No – under the new Simpler Recycling rules, there is no minimum threshold for food waste collection. Every workplace that generates food waste, regardless of quantity, must ensure it is collected separately and handled in line with the updated requirements. This applies to all types of non-domestic premises – not only businesses with catering operations or those serving food.
Although the regulations do not define a mandatory frequency for collection, businesses are expected to work with their waste management provider to determine a collection schedule that is appropriate for the volume of food waste produced. Several factors must be considered, including hygiene, the risk of odours, and pest control.
In situations where food waste volumes are particularly low, businesses may explore the option of sharing waste storage and collection arrangements with neighbouring premises. This is only permitted if both parties, along with the waste collector, agree and the collection system continues to comply with separation rules.
Ultimately, all organisations must ensure their waste systems are designed to support separate food waste disposal, as failure to comply can lead to penalties under environmental and waste regulations.
Does the requirement for food waste collections just apply to premises with catering facilities?
No – the obligation to arrange separate food waste collections is not limited to premises with catering operations. Under the new Simpler Recycling legislation, any business or non-domestic establishment that produces food waste – no matter how small – is required to ensure it is collected separately.
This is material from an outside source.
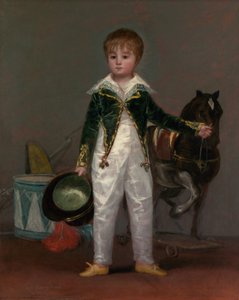 خوسيه كوستا واي بونيلز (توفي 1870) ، دعا بيبيتو ، c.1810 بواسطة فرانسيسكو دي جويا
This includes everyday items such as fruit and vegetable peelings, tea bags, coffee grounds, and any leftover food scraps, even if the premises doesn’t have an on-site kitchen or serve meals. Offices, shops, medical centres, and other non-food-related businesses are all included, provided they generate any type of food waste.
If your organisation produces food waste, however minimal, it is now your legal responsibility to put in place proper collection arrangements that align with the updated waste separation rules. Failure to comply may result in enforcement action or financial penalties.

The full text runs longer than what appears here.